Adjani et Truffaut dans la peau d’Adèle H. Comment résister ? On sait que ça va être une expérience unique, et qui marque au fer rouge. Cette fille a réellement existée, mais elle ressemble à un personnage romantique tout droit sorti d’un roman d’Emily Brontë. Truffaut va plus loin, c’est un as dans la description de situations banales, vécues dans un cadre bourgeois, situations qui deviennent très chargées, et lourdes de sens devant sa caméra.
Isabelle est tellement impressionnante, qu’on en reste baba d’admiration. Chaque geste, chaque parole à une signification, et est pensée, pesée, digérée psychologiquement, et nous est jeté à la face. Femme passionnée, déraisonnée, amoureuse, jusqu’aux portes de la folie.

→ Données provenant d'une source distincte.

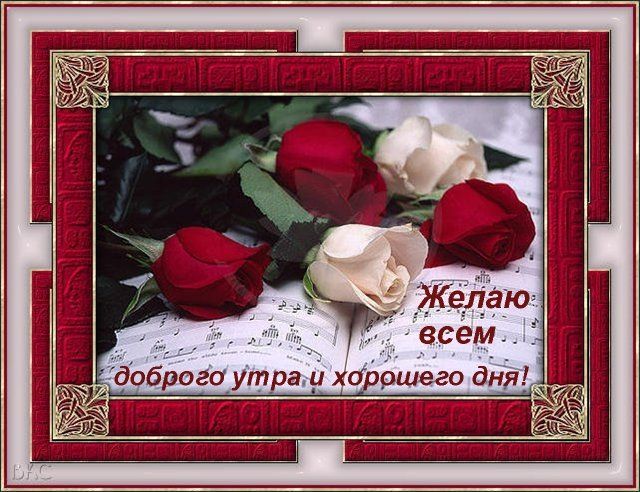 Открытка «С добрым утром»: Музыкальное утро с нежными розами и добрыми пожеланиями. Тэги: пожелание, позитивная…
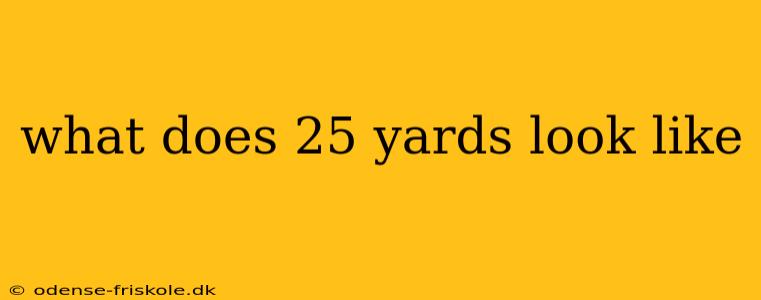 what does 25 yards look like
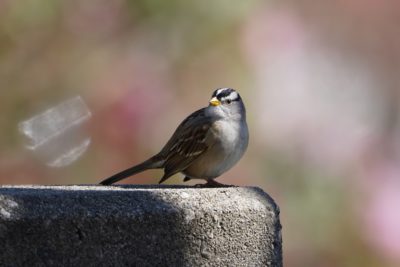 White-crowned Sparrow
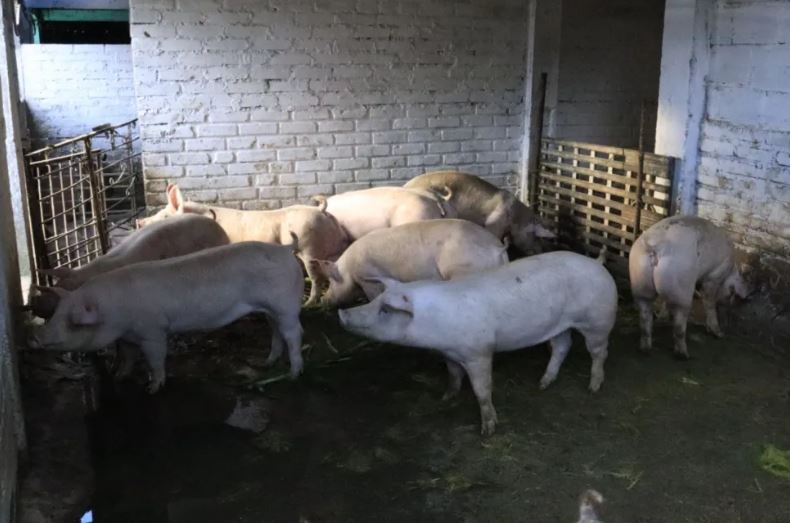 Cierran matadero clandestino que contaminaba el río Otún en Pereira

À ce niveau de performance, on ne parle même plus de technique, se serait petit, on parle de pur talent. Un tel abandon dans le corps de son personnage, qu’on ressent la présence d’Adèle H, comme si elle est dans la pièce avec nous, à côté de nous. Enjoy ! C’est le genre de film qui dépasse le stade de la monstration, pour nous proposer un bijou fait d’émotion brut.
Pas de reconstitution grandiloquente. Son monde se limite à sa chambre de bonne, Adèle, (et elle écrit tout le temps son journal). Aller à la poste. Et cet homme qu’elle poursuit de ses assiduités, c’est tout. Un espace domestique et mental clos. Un Canada qui se réduit à quelques tuniques rouges, et un peu de neige, l’important n’est pas là. Chaque plan d’une justesse biblique, et cette histoire banale devient extraordinaire.
Cette réussite artistique marche au-delà des espérances, et je pense que ce film, et quelques autres, ont dus aider à faire circuler la rumeur comme quoi Isabelle était réellement malade, atteinte du Sida, voire morte ! Incroyable quand même.
Et je me demande si le fait que l’histoire authentique de cette fille perdue, aurait marché si elle n’était pas la fille du fameux Victor H. Mystère ? Mystère vite levé vue les qualités formelles du film. C’est sans doute pour cela qu’on ne dit jamais le nom de famille d’Adèle H pour Hugo. Ceci n’est pas un biopic, je ne sais même pas si on utilisait ce terme à l’époque. Mais ça a la force qui manque à bien des biopics. On entre carrément dans la tête d’Adèle H, on ne se contente pas de la voir vivre, et sombrer. Ensuite Truffaut utilise habilement les lettres, seule rapport qu’elle a avec son père, pour parler de ce père absent bien que mondialement célèbre. Ce n’est pas un biopic, ou alors se serait un biopic « aidé » comme dirait Marcel Duchamp.
Un biopic sur Victor H, mauvais père, à travers les déboires de sa fille cadette, qui a fuguée au Canada par manque d’amour. La fille préféré, Léopoldine étant malheureusement décédée par accident.
Moi j’ai tout compris dans le plan final. Adjani/Adèle réapparaît tout sourire, comme revenue du néant, comme délivrée du mal qui l’a rongeait, et nous délivre sa vérité en paroles très poétiques tirées de son journal. On peut dire que c’était une folle, une caractérielle, une hystérique, ou une idiote amoureuse d’un homme qui ne voulait pas d’elle. Pour moi, c’est une artiste.